Listed entries —

◆ ◆ ◆ ◆ ◆

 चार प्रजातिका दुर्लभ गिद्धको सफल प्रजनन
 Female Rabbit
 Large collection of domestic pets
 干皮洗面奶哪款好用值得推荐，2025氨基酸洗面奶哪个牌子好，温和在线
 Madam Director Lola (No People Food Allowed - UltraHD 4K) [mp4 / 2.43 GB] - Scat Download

◆ ◆ ◆ ◆ ◆

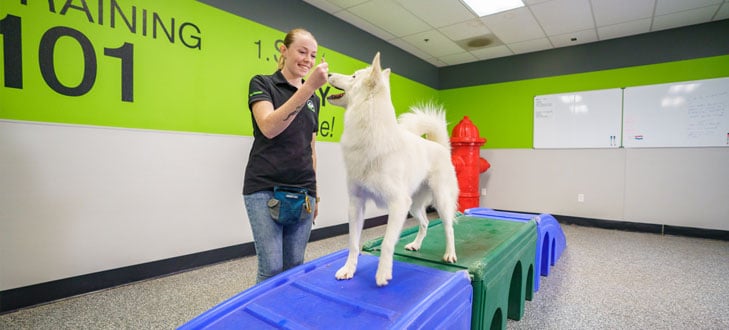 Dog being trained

◆ ◆ ◆ ◆ ◆

What you are asked to do — Copy out, word for word, the part of the entries above that begins at the line with "चार प्रजातिका दुर्लभ गिद्धको सफल प्रजनन" and ends at the line with "Madam Director Lola", including both.

Answer to the problem —
 चार प्रजातिका दुर्लभ गिद्धको सफल प्रजनन
 Female Rabbit
 Large collection of domestic pets
 干皮洗面奶哪款好用值得推荐，2025氨基酸洗面奶哪个牌子好，温和在线
 Madam Director Lola (No People Food Allowed - UltraHD 4K) [mp4 / 2.43 GB] - Scat Download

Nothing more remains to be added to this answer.